DOD partially concurred with our second recommendation that the 
Secretary of Defense assign clear leadership with accountability and 
authority to implement and sustain the risk management framework. DOD 
stated that, although it agrees that such leadership is key to any 
successful performance management system, the department's senior 
executives provide sufficient leadership and accountability for 
implementing and sustaining the risk management framework. DOD also 
stated that it did not agree that a new organization or bureaucratic 
structure is needed to ensure successful implementation and sustainment 
of the risk management framework. We agree that DOD has assigned 
specific roles and responsibilities for goals and measures associated 
with the risk management framework to various high-level DOD officials. 
However, we based our recommendation on the fact that no single 
individual, with appropriate authority, was held responsible for 
ensuring that the risk management framework was implemented across the 
department.

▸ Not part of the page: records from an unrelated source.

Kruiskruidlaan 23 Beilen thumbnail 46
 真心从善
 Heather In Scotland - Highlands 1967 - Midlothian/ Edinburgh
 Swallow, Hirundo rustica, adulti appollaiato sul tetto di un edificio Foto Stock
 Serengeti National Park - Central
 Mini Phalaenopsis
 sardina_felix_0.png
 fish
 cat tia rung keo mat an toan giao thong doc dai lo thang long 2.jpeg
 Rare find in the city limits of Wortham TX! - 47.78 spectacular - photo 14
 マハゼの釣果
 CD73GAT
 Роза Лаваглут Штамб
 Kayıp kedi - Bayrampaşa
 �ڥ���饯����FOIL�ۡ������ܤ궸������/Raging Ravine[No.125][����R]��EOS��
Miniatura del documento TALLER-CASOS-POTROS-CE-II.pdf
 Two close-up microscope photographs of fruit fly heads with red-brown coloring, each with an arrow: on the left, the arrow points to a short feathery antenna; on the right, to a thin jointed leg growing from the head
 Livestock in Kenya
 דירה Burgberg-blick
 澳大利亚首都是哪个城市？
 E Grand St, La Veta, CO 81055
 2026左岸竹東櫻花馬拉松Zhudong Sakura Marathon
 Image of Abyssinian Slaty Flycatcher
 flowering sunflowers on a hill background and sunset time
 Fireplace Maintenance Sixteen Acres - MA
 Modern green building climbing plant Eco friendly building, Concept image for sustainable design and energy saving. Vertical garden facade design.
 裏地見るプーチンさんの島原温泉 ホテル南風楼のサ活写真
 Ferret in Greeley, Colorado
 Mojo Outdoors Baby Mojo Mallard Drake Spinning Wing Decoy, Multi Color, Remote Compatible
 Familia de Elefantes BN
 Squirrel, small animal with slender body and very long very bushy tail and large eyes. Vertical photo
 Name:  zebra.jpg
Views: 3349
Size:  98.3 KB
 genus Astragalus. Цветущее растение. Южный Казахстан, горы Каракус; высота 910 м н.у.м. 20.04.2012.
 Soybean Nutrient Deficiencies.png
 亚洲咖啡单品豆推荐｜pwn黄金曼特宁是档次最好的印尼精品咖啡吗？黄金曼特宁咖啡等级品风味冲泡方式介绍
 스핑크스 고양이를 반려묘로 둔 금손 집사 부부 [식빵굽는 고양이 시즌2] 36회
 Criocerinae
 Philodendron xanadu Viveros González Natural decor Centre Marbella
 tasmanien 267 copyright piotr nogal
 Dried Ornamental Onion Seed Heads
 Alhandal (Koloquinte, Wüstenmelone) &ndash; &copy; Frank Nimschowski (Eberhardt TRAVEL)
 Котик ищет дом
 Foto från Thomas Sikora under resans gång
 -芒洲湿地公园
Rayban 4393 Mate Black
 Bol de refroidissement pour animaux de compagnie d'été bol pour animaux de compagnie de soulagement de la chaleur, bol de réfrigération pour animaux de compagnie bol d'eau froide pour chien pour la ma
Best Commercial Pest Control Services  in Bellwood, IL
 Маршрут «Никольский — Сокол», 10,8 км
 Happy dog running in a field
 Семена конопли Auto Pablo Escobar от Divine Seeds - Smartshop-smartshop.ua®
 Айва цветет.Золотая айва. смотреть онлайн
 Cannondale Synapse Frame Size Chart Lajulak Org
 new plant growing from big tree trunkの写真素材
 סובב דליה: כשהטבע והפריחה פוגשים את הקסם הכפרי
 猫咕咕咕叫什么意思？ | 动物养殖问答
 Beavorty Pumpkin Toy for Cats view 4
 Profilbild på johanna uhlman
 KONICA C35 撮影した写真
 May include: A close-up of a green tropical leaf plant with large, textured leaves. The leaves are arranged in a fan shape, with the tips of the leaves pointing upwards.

Further, our recommendation does not propose that DOD set 
up a new organization or bureaucratic structure, but, as stated in this 
report, we continue to believe that one way to provide strong and 
sustained leadership for change initiatives, such as the risk 
management framework, over a number of years and various 
administrations is to legislatively establish a CMO. 

In partially concurring with our third recommendation to develop 
implementation goals and timelines, DOD agreed that tracking progress 
in implementing the risk management framework is a good management 
practice. DOD stated that it has established goals and timelines for 
the risk management framework that are unique to the individual 
metrics, or measures, and that because the risk management framework 
continually evolves over time, new metrics will be developed while 
others may be retired. As we stated in the report, successful change 
management efforts use implementation goals--such as, for example, 
linking the risk management framework to the budget--and timelines for 
meeting those goals, to pinpoint shortfalls and gaps, suggest midcourse 
corrections, and build momentum by demonstrating progress. Therefore, 
while DOD may continually refine the individual goals and measures 
associated with the framework's risk quadrants, we believe that goals 
and timelines for the overall implementation of the framework across 
the department are essential for keeping this reform initiative on 
track. 

DOD partially concurred with our fourth recommendation that the 
Secretary of Defense demonstrate the integration of the risk management 
framework with DOD's decision support processes and related reform 
initiatives to improve investment decision making and manage 
performance results. DOD stated that the department is currently 
studying ways to further integrate the risk management framework with 
other decision support processes, but no single framework or decision 
model can provide all the necessary information or flexibility needed 
by the Secretary of Defense and his senior leadership team. We 
recognize that DOD's senior leadership needs reliable information from 
a variety of sources and flexibility to make decisions among 
alternative actions or solutions. However, if the risk management 
framework is to successfully serve as a management tool to assist 
decision makers in formulating top-down strategy, balancing investment 
priorities against risk over time, measuring near-and midterm outputs 
against strategic goals, and focusing on actual performance results--as 
intended by DOD's senior leadership--it is crucial that it be 
successfully integrated with DOD's investment decision-making 
processes, including recent reform initiatives. 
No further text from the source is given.